In fact, with some slight modifications to stackless, it ought to be possible to write your own scheduler in a simple way. (The problem is that tasklet.run() leaves the caller runnable.  Something like tasklet.run(remove=true) would be helpful as an atomic switching operation, allowing one to write one's own scheduler.)

I wrote something like this once, can post the source if anyone is interested.


> -----Original Message-----
> From: stackless-bounces at stackless.com [mailto:stackless-
> bounces at stackless.com] On Behalf Of Richard Tew
> Sent: 29. febrúar 2012 19:21
> To: The Stackless Python Mailing List
> Subject: Re: [Stackless] tasklet time out
> On Wed, Feb 29, 2012 at 11:06 PM, piyush singhai
> <singhai.piyush at gmail.com> wrote:
> > Now suppose one of the tasklet stuck in while true loop or infinite
> > loop because of the code bug you can say. Then no other tasklet will
> > get the turn to execute. I want to avoid this  scenario. I am trying
> > to do using
> > stackless.run(timeout) but this timeout is number of instruction.
> You will have to make do with the instruction count timeout.  There is no
> support for actual time-based timeouts.
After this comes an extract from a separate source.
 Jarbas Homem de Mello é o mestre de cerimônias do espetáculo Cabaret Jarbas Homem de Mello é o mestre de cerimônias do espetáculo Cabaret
> In my experience the instruction count timeout has been perfectly fine for
> this purpose.  When you are pumping the scheduler, the theory is that
> tasklets spend most of their time outside of the scheduler blocked on
> channels.  So the scheduler is expected to never block for very long, time-
> wise or instruction count-wise.  Just decide on a low enough instruction
> count and you should be fine, a bit of experimentation should determine a
> suitable value.
> In practice, I've never seen our infinite loop detection kick in.  I know it
> definitely works, but infinite loops never happen in practice.
> Cheers,
> Richard.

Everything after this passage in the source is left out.